Crawled caption data:

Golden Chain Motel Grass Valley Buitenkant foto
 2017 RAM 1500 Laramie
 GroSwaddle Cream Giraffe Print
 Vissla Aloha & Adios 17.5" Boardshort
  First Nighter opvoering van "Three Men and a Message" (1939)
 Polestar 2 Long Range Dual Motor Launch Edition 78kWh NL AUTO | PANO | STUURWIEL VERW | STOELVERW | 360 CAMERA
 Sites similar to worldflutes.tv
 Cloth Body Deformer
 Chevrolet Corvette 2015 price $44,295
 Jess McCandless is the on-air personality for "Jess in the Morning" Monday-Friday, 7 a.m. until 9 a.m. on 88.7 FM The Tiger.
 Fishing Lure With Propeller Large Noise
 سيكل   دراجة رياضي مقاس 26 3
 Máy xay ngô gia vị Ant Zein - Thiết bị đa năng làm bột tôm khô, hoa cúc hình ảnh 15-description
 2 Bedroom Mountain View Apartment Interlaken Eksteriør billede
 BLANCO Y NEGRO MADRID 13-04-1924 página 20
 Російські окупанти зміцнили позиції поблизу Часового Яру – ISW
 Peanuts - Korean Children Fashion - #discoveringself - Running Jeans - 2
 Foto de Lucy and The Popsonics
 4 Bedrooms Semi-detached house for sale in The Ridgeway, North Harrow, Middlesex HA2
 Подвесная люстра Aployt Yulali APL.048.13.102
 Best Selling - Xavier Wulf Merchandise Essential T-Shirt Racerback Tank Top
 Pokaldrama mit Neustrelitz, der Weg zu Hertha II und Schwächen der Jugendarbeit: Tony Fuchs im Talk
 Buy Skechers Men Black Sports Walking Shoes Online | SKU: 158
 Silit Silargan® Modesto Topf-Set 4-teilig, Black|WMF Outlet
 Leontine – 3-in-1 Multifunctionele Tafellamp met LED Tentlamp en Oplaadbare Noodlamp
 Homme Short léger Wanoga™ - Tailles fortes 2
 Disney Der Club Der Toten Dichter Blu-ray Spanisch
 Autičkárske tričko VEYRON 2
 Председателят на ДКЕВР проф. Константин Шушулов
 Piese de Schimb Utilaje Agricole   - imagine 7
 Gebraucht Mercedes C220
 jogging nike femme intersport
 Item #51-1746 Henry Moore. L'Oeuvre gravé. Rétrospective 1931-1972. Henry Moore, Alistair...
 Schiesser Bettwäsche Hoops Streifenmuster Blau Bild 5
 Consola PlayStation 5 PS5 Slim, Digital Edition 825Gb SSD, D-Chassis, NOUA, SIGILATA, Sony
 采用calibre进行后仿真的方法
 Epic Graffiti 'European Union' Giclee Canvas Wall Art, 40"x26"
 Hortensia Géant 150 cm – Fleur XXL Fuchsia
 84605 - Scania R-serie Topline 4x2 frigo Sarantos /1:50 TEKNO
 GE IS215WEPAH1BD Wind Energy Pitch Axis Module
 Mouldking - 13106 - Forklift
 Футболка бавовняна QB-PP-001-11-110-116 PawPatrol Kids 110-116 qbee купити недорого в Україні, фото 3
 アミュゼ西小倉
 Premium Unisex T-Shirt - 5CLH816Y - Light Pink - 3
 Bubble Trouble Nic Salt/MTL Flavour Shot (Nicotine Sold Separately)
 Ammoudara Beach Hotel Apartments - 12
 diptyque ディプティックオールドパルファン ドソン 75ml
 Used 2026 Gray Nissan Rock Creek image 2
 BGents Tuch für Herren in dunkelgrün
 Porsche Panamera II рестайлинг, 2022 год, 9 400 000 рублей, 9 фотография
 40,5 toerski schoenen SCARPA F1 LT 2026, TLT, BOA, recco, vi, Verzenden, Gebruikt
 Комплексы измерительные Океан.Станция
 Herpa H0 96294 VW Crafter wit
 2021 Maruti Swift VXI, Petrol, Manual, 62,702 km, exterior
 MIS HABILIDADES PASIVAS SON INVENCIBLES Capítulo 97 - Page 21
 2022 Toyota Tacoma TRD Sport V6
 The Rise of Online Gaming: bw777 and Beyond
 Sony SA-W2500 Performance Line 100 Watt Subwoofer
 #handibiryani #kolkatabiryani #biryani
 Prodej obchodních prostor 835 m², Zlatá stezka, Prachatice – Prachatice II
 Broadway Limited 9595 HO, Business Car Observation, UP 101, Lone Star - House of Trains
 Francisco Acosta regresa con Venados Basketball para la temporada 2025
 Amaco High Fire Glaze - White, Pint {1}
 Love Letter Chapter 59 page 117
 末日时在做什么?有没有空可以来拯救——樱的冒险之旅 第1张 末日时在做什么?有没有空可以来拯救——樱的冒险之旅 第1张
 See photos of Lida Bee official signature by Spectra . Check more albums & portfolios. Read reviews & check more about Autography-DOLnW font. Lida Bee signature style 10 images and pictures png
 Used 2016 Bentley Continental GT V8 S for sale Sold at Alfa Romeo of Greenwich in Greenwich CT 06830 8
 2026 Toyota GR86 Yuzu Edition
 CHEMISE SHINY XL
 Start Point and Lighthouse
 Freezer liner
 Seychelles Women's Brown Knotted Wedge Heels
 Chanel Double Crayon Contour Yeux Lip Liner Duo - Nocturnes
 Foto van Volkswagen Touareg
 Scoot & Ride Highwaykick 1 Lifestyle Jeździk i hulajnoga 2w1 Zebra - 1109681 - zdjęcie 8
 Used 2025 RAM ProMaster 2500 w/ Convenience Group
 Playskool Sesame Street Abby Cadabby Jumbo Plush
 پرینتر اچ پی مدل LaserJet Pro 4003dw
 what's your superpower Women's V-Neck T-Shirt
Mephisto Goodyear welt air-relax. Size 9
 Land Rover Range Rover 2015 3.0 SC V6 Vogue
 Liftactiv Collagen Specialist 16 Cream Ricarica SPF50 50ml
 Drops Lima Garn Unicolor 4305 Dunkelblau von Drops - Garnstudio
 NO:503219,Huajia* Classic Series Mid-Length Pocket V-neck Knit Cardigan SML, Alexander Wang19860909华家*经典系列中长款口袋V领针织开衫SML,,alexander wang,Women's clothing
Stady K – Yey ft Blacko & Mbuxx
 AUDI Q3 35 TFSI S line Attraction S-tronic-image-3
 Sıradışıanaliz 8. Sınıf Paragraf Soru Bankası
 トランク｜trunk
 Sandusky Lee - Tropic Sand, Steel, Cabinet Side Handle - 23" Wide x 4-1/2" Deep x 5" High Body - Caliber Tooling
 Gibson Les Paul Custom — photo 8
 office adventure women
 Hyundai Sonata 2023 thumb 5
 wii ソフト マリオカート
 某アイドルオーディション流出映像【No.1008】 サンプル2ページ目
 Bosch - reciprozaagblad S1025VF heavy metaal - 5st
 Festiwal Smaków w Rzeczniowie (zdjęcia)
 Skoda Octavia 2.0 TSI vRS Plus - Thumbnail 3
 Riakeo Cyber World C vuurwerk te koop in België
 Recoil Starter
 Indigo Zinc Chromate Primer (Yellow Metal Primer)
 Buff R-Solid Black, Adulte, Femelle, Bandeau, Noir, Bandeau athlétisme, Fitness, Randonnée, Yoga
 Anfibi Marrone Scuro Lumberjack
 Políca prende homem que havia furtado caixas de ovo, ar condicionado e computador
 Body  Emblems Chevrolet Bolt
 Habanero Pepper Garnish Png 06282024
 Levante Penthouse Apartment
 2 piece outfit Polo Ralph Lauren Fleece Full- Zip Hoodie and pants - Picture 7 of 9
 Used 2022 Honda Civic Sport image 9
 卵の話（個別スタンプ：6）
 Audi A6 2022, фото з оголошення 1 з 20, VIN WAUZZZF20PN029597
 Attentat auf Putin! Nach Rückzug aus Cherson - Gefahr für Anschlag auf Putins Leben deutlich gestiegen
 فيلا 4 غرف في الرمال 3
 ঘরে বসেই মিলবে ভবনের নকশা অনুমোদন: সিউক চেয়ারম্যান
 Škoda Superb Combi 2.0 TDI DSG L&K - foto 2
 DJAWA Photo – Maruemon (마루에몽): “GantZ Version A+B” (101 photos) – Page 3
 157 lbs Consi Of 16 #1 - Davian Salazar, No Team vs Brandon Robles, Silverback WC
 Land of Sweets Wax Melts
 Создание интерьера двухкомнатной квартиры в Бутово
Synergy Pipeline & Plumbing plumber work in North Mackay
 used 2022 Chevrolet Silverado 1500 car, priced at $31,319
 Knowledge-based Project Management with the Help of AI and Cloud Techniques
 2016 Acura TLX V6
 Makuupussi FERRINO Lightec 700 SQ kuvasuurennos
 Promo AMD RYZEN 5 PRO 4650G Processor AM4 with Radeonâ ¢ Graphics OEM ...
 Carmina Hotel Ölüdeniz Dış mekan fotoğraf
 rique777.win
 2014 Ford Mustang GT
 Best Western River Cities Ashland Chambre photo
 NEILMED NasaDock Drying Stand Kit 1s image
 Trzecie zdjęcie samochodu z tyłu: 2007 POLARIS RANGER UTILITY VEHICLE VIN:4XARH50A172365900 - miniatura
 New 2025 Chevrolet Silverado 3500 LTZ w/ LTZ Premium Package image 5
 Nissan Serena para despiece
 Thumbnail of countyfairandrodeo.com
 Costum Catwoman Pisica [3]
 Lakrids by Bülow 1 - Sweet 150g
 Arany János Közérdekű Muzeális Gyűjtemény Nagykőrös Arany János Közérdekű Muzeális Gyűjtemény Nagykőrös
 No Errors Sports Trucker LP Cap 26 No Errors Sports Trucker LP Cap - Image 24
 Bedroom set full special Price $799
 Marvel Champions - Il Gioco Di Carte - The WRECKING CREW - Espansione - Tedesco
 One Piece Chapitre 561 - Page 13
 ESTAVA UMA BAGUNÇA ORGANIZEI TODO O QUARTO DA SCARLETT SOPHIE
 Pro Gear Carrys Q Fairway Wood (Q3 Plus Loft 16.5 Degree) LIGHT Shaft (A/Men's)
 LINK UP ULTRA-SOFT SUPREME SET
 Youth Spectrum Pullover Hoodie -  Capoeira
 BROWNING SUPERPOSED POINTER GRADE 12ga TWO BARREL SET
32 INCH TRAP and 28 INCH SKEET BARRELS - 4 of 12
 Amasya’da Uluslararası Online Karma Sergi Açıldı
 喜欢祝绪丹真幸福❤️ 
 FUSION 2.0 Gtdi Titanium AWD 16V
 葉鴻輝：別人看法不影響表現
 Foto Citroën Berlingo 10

> EXERCISE: Using the data above, tally the lines that contain the string "Best" and state only the result.

> SOLUTION BELOW: 2